*Instructions for the task*: It would help if you retyped the data exactly, leaving out the pictures.

+++ Data

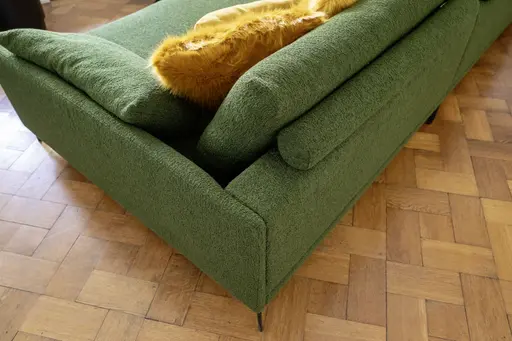 Ecksofa Cuneo - 2,5-Sitzer, Longchair rechts, Stoff, Grün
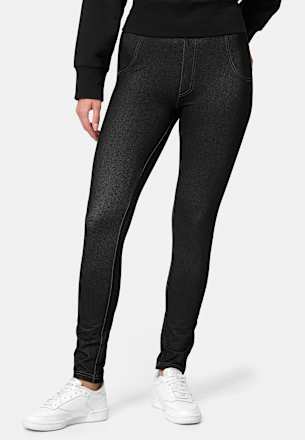 Treggings in Jeans-Optik schwarz Gr. 44/48 nur die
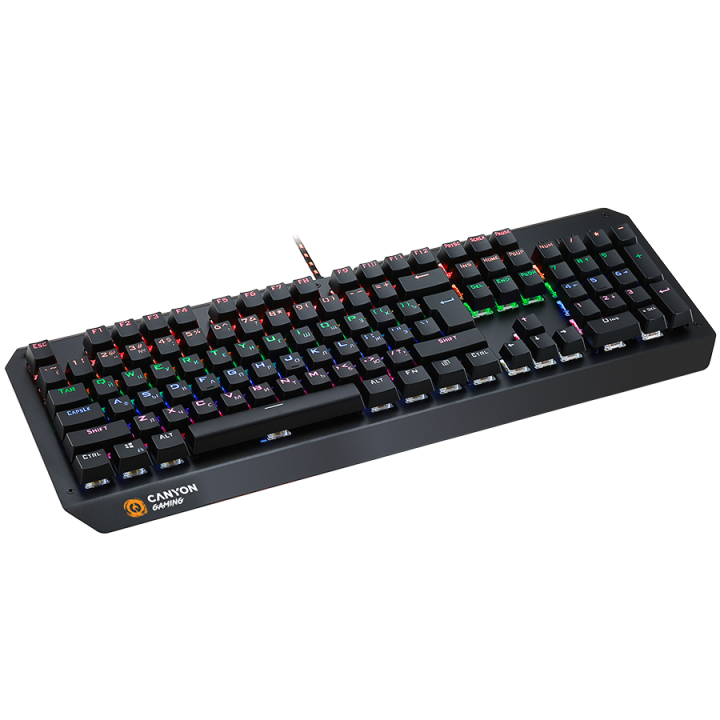 CANYON Hazard GK-6, Wired multimedia gaming keyboard with lighting effect, 108pcs rainbow LED, Numbers 104keys, EN double inject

++++++

*Solution*:
 Ecksofa Cuneo - 2,5-Sitzer, Longchair rechts, Stoff, Grün
 Treggings in Jeans-Optik schwarz Gr. 44/48 nur die
 CANYON Hazard GK-6, Wired multimedia gaming keyboard with lighting effect, 108pcs rainbow LED, Numbers 104keys, EN double inject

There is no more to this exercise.